→ Task item
What appears from the first line of the data below through the line containing "queen anne's lace, wild", both included, should be copied exactly, and nothing else.

[Source data]
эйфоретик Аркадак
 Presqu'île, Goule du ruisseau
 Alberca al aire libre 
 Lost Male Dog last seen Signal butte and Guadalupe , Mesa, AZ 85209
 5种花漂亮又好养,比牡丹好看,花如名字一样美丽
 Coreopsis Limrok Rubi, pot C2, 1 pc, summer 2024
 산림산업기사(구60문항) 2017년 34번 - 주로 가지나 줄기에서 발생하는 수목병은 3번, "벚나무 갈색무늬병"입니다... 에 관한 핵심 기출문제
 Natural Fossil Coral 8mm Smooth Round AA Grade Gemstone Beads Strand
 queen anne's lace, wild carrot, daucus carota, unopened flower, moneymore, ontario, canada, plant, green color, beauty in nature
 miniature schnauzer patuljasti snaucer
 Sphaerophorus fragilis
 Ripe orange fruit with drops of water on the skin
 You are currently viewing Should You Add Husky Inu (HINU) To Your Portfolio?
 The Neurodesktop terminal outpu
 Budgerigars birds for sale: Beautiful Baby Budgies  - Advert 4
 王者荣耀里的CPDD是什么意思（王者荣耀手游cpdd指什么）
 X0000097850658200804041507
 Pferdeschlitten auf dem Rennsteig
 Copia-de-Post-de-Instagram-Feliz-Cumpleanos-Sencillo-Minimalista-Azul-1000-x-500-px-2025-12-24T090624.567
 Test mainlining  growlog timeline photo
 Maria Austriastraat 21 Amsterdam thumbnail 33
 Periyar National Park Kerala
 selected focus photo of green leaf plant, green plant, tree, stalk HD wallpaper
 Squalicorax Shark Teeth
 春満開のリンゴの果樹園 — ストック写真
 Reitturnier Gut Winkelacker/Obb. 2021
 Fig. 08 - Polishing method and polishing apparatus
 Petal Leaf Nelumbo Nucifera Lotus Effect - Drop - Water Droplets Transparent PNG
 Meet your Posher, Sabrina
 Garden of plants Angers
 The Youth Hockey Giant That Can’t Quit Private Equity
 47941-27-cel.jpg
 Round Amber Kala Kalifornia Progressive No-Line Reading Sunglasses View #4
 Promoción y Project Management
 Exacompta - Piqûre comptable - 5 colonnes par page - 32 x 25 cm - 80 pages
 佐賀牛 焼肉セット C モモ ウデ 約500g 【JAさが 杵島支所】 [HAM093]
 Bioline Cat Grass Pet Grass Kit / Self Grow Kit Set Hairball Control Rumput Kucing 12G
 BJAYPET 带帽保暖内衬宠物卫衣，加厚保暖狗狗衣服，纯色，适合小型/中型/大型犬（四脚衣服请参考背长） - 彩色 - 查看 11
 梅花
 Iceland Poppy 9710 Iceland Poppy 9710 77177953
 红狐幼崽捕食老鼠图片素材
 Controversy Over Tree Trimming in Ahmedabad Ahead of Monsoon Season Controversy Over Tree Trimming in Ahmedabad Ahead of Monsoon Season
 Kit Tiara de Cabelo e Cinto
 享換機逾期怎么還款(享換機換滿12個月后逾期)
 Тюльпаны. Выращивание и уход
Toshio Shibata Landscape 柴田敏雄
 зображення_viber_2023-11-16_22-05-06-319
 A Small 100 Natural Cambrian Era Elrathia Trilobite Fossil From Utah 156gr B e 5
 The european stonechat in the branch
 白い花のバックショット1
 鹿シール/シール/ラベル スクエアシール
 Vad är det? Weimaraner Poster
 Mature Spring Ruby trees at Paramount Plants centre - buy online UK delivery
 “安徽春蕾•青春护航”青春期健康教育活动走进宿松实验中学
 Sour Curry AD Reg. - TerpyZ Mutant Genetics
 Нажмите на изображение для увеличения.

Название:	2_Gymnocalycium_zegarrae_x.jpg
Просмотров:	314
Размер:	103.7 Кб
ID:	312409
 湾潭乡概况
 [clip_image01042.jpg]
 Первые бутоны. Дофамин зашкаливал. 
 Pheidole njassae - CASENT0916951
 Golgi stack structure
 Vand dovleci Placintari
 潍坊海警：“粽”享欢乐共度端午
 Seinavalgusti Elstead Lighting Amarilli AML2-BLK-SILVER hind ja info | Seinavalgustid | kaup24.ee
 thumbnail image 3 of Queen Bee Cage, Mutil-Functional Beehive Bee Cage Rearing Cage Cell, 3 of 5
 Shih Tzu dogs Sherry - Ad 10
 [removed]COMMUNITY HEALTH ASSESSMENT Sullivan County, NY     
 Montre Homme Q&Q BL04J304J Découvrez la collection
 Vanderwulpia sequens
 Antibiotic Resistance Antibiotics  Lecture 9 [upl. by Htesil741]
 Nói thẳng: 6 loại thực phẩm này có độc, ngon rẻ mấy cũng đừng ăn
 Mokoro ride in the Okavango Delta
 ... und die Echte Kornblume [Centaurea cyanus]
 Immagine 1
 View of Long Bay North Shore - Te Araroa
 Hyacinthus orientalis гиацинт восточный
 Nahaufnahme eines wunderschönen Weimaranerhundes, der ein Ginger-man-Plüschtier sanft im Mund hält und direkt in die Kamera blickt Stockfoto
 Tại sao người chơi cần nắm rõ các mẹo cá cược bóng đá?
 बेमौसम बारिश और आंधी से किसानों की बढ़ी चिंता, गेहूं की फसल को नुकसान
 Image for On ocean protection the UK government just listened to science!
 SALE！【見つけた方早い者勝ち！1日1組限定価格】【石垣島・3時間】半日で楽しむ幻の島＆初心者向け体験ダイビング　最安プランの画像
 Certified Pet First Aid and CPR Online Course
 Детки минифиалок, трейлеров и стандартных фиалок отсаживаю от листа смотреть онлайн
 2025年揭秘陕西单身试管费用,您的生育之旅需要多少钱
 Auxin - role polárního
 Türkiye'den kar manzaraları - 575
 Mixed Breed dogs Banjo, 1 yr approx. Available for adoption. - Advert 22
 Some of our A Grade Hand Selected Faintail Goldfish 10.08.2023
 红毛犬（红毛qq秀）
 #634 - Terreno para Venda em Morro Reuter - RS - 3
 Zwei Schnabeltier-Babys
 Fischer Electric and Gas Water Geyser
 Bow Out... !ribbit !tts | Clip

→ Response to the task
эйфоретик Аркадак
 Presqu'île, Goule du ruisseau
 Alberca al aire libre 
 Lost Male Dog last seen Signal butte and Guadalupe , Mesa, AZ 85209
 5种花漂亮又好养,比牡丹好看,花如名字一样美丽
 Coreopsis Limrok Rubi, pot C2, 1 pc, summer 2024
 산림산업기사(구60문항) 2017년 34번 - 주로 가지나 줄기에서 발생하는 수목병은 3번, "벚나무 갈색무늬병"입니다... 에 관한 핵심 기출문제
 Natural Fossil Coral 8mm Smooth Round AA Grade Gemstone Beads Strand
 queen anne's lace, wild carrot, daucus carota, unopened flower, moneymore, ontario, canada, plant, green color, beauty in nature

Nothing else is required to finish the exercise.